Stadt Datteln will Gebühren auf Friedhöfen erhöhen
14.04.2010 | 21:20 Uhr 2010-04-14T21:20:00+0200
Datteln.Die neue Friedhofssatzung und neue Gebührensatzungen werden auf der Ratssitzung im Mai beschlossen. Bürgermeister Wolfgang Werner teilte dem Hauptausschuss am Mittwoch mit, dass die Kirchen sich gemeldet hätten, die Satzungen vor der Verabschiedung einsehen zu wollen.
Falls es Änderungswünsche geben sollte, werden die im Rat noch diskutiert. So sieht die geänderte Satzung als neue Bestattungsformen die Beisetzung von Urnen im Kolumbarium und von Asche im Baumgrab sowie von Verstorbenen im Gemeinschaftsgrab vor.
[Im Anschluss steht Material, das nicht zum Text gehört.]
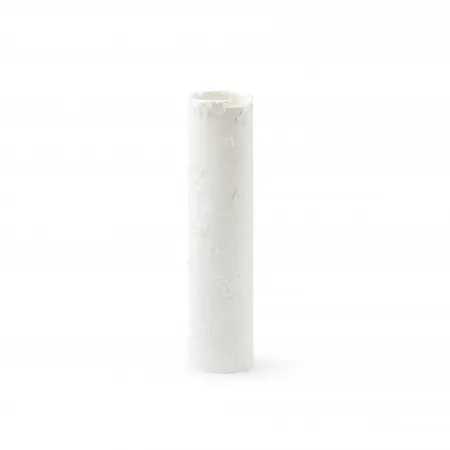 Aspen Tall Vase Blanc de Chine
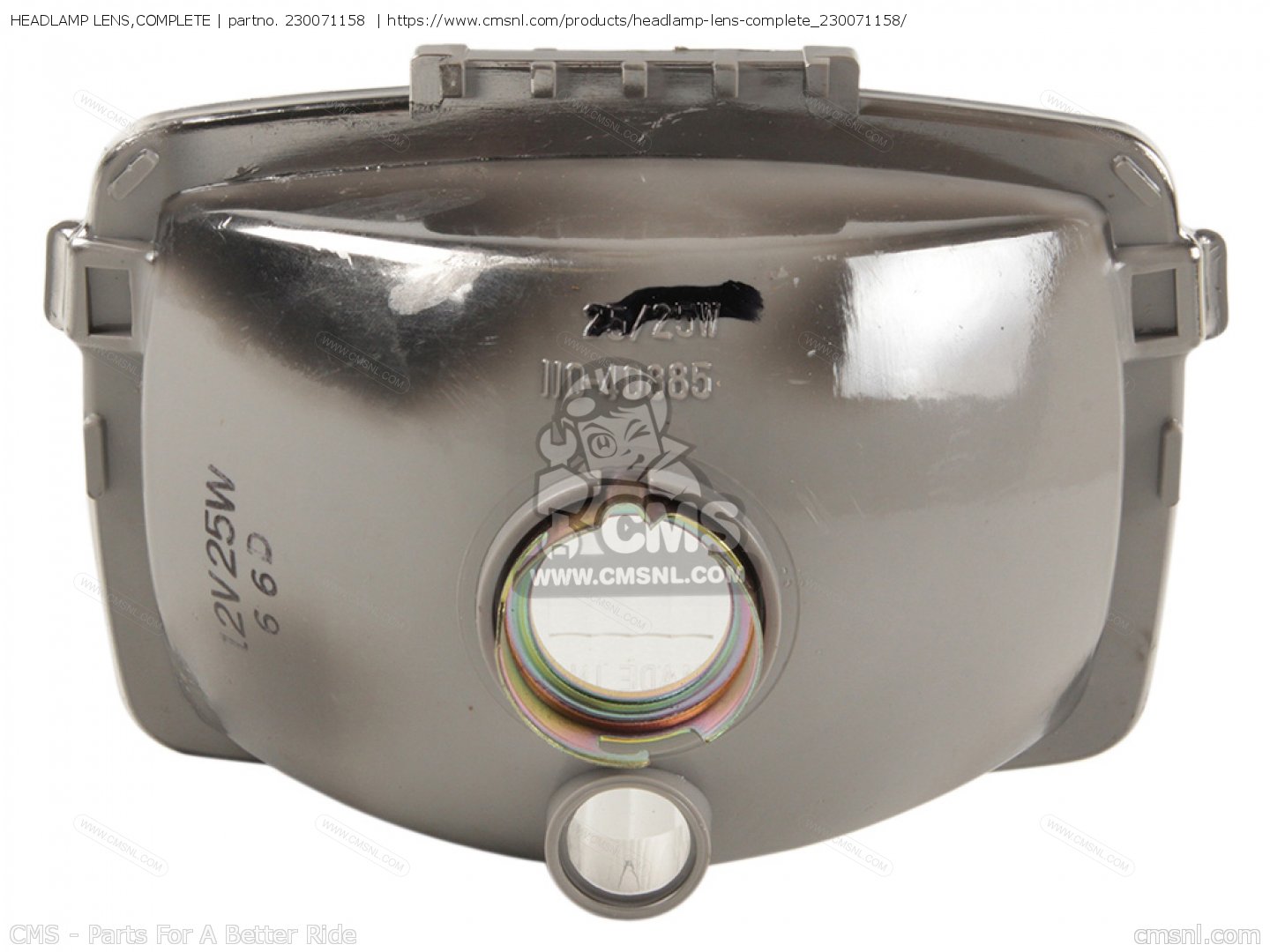 230071158 Headlamp Kawasaki buy the 230071158 at CMSNL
Die Gebührenabrechnung von 2008 ergab für die städtischen Friedhöfe eine Unterdeckung von fast 78 000 Euro. Mit der neuen Gebührensatzung soll dieses Defizit verringert werden. Lediglich bei den Wahlgräbern reduziert sich die Gebühr bei einer Komplettbeerdigung um drei Prozent auf 2573 Euro. Das Reihengrab kostet künftig rund 21 Prozent mehr und schlägt mit 1647 Euro zu Buche. Die Beisetzung in der Erde unter einer Steinplatte kostet demnächst 2232 Euro und steigt damit um 43 Prozent. Auch die Beisetzung der Urne unter einer Steinplatte wird um 35 Prozent teurer und mit 1090 Euro in Rechnung gestellt.
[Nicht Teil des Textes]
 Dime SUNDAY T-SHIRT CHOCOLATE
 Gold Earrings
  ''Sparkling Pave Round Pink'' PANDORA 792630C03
Wer die Urne eines Verstorbenen in einer Urnenwandkammer im Kolumbarium einstellen will, zahlt den höchsten Preis: 2965 Euro verlangt die Stadt demnächst dafür. Für die Beisetzung der Asche im Baumgrab stehen 1479 Euro Gebühr an. Und die Beisetzung eines Verstorbenen in einem Gemeinschaftsgrab, bei dem die Stadt die Dauerpflege übernimmt, wird mit 1448 Euro berechnet.
Die neuen Tarife gelten für Beerdigungen an Werktagen. Wer den Wunsch hat, die Bestattung an einem Samstag durchzuführen, muss mit einem Aufschlag von 50 Prozent kalkulieren, an Sonn- und Feiertagen verdoppeln sich die Gebühren.